What you are asked to do —
Below is a listing; write it out exactly and drop any images from it.

Information shown —

╔══

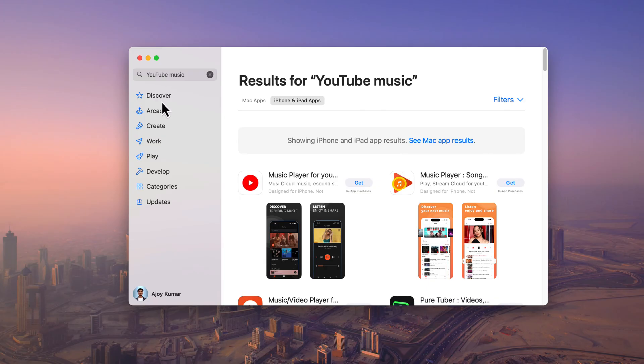However, if you search for YouTube Music, you will not get any application for Mac. But there is still a way to install YouTube Music.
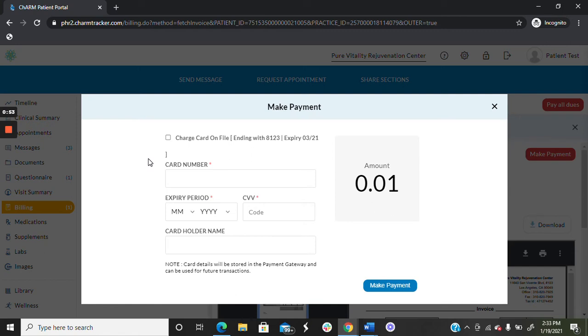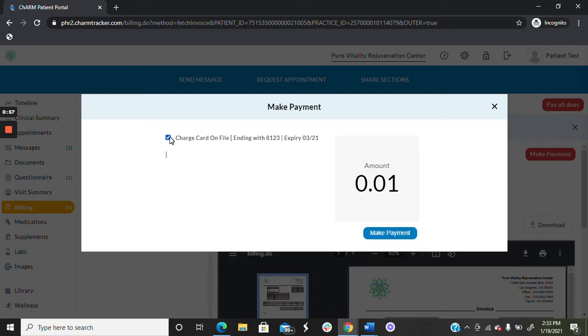If you choose to pay with your card on file, simply click the box and hit Make Payment.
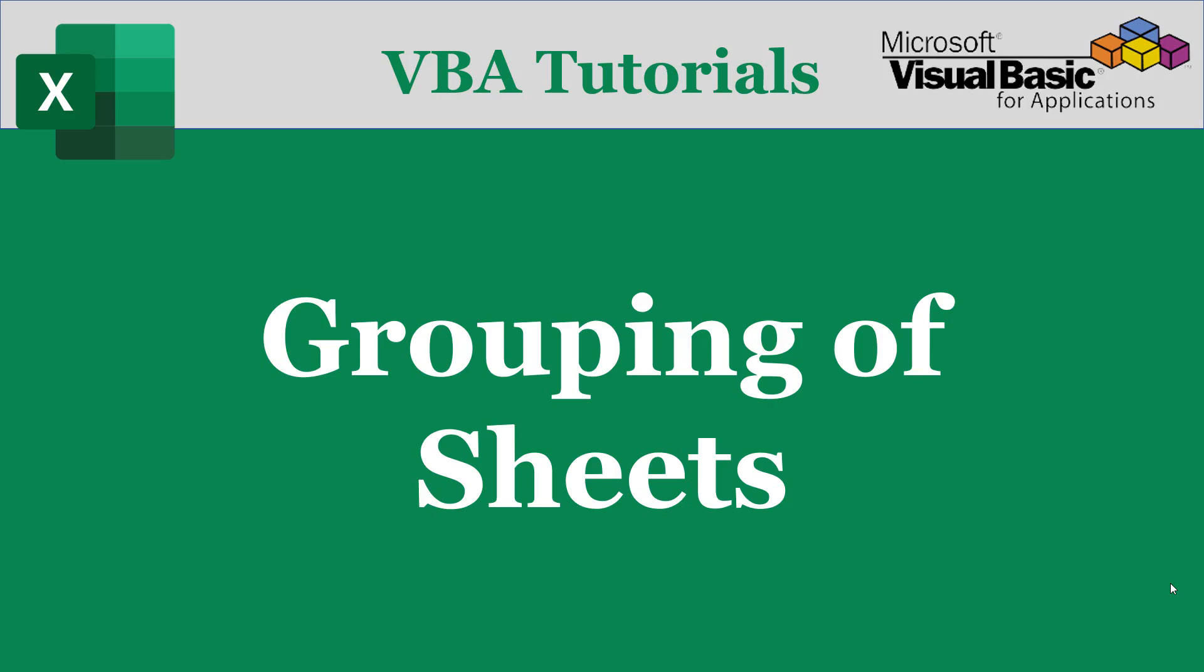Hello everyone, welcome to our channel Codersloggy. Today's topic is grouping of sheets.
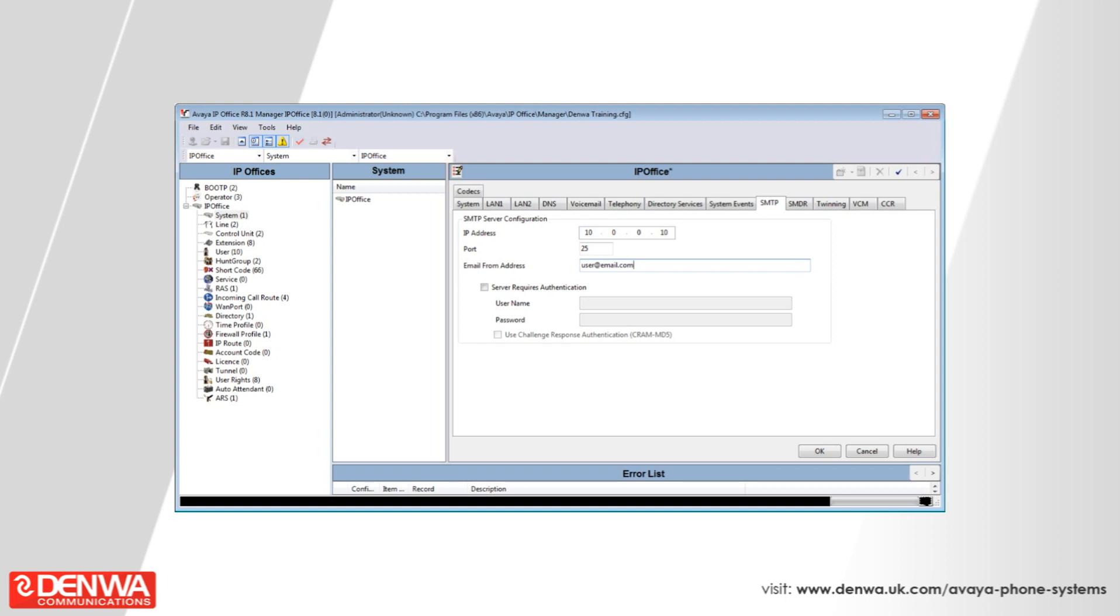If your server requires authentication, simply tick the box and enter the credentials supplied to you by your network administrator. If it doesn't require authentication, please ensure that this box is not ticked.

╚══

Result —
However, if you search for YouTube Music, you will not get any application for Mac. But there is still a way to install YouTube Music.
If you choose to pay with your card on file, simply click the box and hit Make Payment.
Hello everyone, welcome to our channel Codersloggy. Today's topic is grouping of sheets.
If your server requires authentication, simply tick the box and enter the credentials supplied to you by your network administrator. If it doesn't require authentication, please ensure that this box is not ticked.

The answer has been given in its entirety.